El papa Francisco explica así la conformación de esa nueva figura de la globalización: “Tanto la acción pastoral como la acción política procuran recoger en ese poliedro lo mejor de cada uno. Allí entran los pobres con su cultura, sus proyectos y sus propias potencialidades. Aún las personas que puedan ser cuestionadas por sus errores, tienen algo que aportar que no debe perderse. Es la conjunción de los pueblos que, en el orden universal, conservan su propia peculiaridad; es la totalidad de las personas en una sociedad que busca un bien común que verdaderamente incorpora a todos.” (EG 236).
En otras palabras: no hay que defenderse de la globalización ocupando espacios de poder y construyendo murallas sino hay que construirla acompañando los procesos de los pueblos y construyendo puentes, espacios de diálogo, cultura del encuentro. Esa globalización a construir debe tener en el centro al ser humano, sus necesidades y sus sueños; no puede construirse a partir de la lógica del dinero y la competencia.
¿Qué hacer entonces? “Es hora de saber cómo diseñar, en una cultura que privilegie el diálogo como forma de encuentro, la búsqueda de consensos y acuerdos, pero sin separarla de la preocupación por una sociedad justa, memoriosa y sin exclusiones.”(EG 239). ¿Quién debe hacerlo? “El autor principal, el sujeto histórico de este proceso, es la gente y su cultura, no es una clase, una fracción, un grupo, una élite. No necesitamos un proyecto de unos pocos para unos pocos, o una minoría ilustrada o testimonial que se apropie de un sentimiento colectivo. Se trata de un acuerdo para vivir juntos, de un pacto social y cultural.” (EG 239).

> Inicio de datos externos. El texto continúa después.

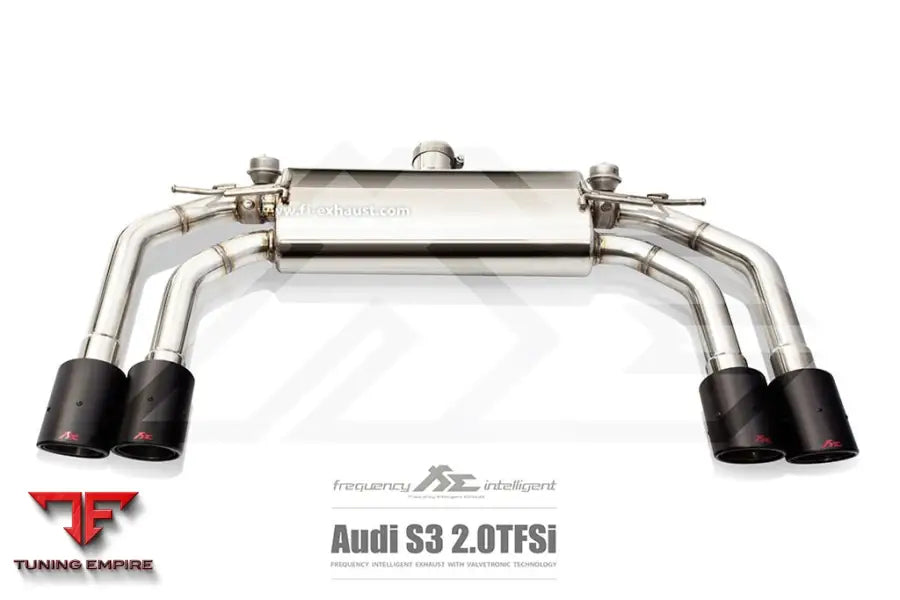 FI EXHAUST AUDI 8V S3 SEDAN EXHAUST SYSTEM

Serán políticos y dirigentes creíbles y respetados, a quienes el poder no se les escape de entre las manos, aquellos capaces de estar al servicio de ese proceso de construcción de una globalización con rostro humano. Por eso hay que evitar comparaciones que nos distraen de lo esencial. No hay dos opciones, hay solo una: ir y venir por los puentes, sin miedo, y con los zapatos gastados.